▶ _WHAT THE TASK REQUIRES_: Since the records include pictures, leave those out while you reproduce exactly and only the lines from the one containing "ادکلن_اسنس_د_ب" through the one containing "Familiennamen Skaley", inclusive.

--- MATERIALS PROVIDED Enclosed Below ---

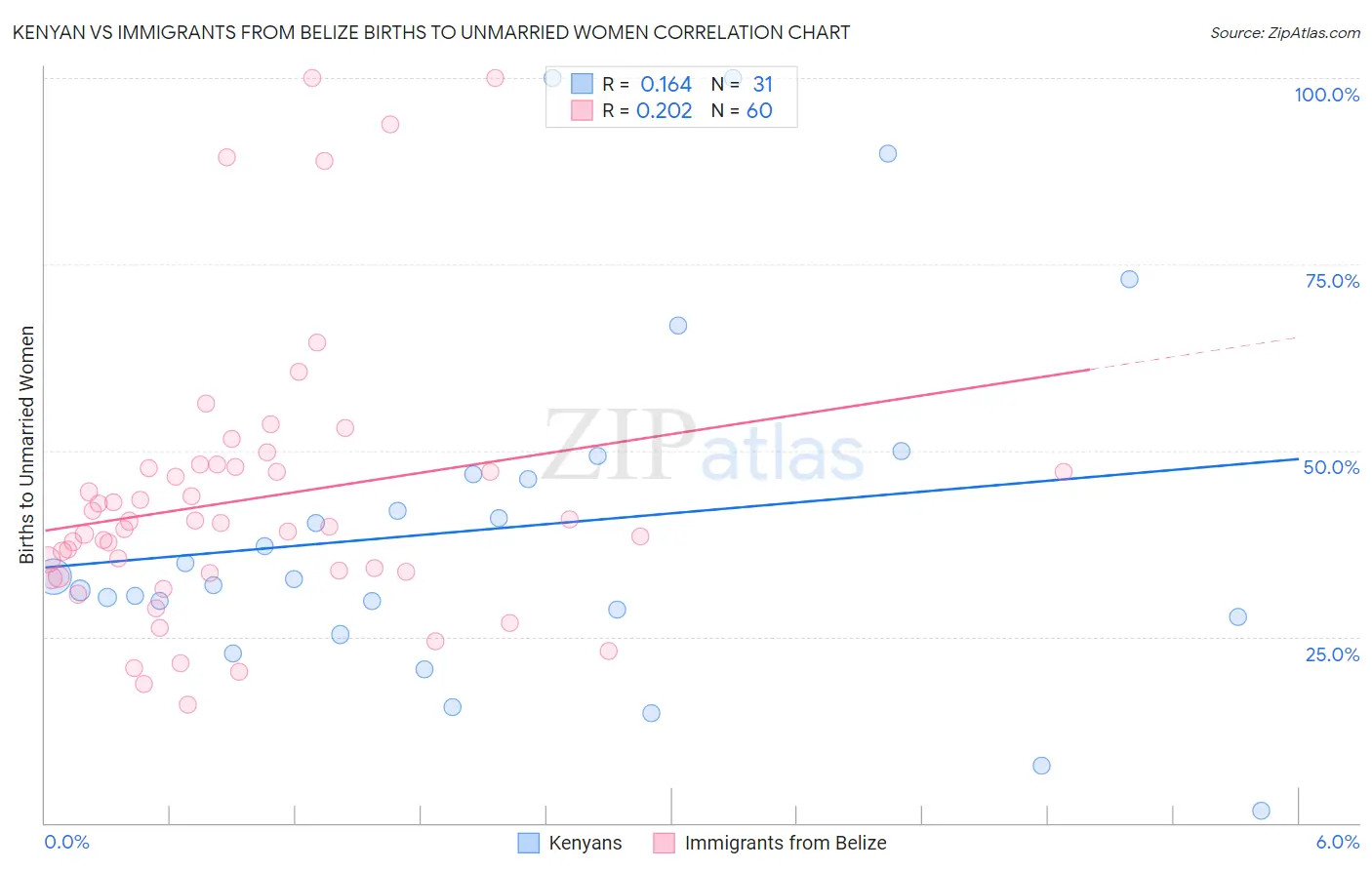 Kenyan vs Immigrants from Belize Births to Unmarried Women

--- End of Enclosed MATERIALS PROVIDED ---
--- MATERIALS PROVIDED Enclosed Below ---

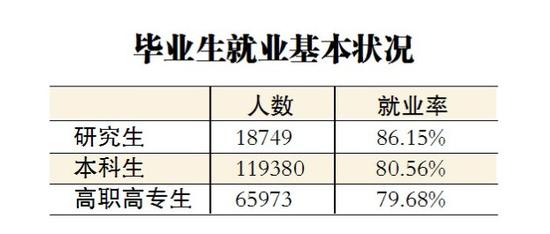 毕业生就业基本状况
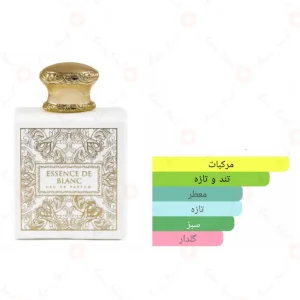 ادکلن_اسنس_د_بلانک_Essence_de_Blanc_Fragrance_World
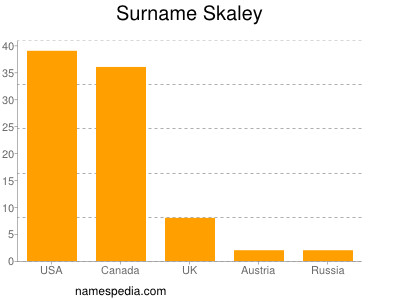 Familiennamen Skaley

--- End of Enclosed MATERIALS PROVIDED ---

▶ _EXERCISE ANSWER_:
 ادکلن_اسنس_د_بلانک_Essence_de_Blanc_Fragrance_World
 Familiennamen Skaley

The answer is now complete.